### Requirement
Output every line of the listing, exactly and completely.

### Records for the task

■ ■ ■ ■ ■ ■ ■

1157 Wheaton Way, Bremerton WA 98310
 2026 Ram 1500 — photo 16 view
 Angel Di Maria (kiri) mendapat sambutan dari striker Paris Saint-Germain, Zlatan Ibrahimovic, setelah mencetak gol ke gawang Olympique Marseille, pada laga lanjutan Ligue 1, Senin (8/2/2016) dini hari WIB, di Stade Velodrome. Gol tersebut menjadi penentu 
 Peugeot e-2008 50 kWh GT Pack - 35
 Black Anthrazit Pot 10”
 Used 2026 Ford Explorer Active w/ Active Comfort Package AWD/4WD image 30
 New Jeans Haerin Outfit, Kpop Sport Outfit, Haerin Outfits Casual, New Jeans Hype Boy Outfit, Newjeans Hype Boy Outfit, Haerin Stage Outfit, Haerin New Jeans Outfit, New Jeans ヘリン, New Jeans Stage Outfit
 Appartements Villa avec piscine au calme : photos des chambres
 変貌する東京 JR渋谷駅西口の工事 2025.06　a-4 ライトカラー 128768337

■ ■ ■ ■ ■ ■ ■

### Answer to the problem
1157 Wheaton Way, Bremerton WA 98310
 2026 Ram 1500 — photo 16 view
 Angel Di Maria (kiri) mendapat sambutan dari striker Paris Saint-Germain, Zlatan Ibrahimovic, setelah mencetak gol ke gawang Olympique Marseille, pada laga lanjutan Ligue 1, Senin (8/2/2016) dini hari WIB, di Stade Velodrome. Gol tersebut menjadi penentu 
 Peugeot e-2008 50 kWh GT Pack - 35
 Black Anthrazit Pot 10”
 Used 2026 Ford Explorer Active w/ Active Comfort Package AWD/4WD image 30
 New Jeans Haerin Outfit, Kpop Sport Outfit, Haerin Outfits Casual, New Jeans Hype Boy Outfit, Newjeans Hype Boy Outfit, Haerin Stage Outfit, Haerin New Jeans Outfit, New Jeans ヘリン, New Jeans Stage Outfit
 Appartements Villa avec piscine au calme : photos des chambres
 変貌する東京 JR渋谷駅西口の工事 2025.06　a-4 ライトカラー 128768337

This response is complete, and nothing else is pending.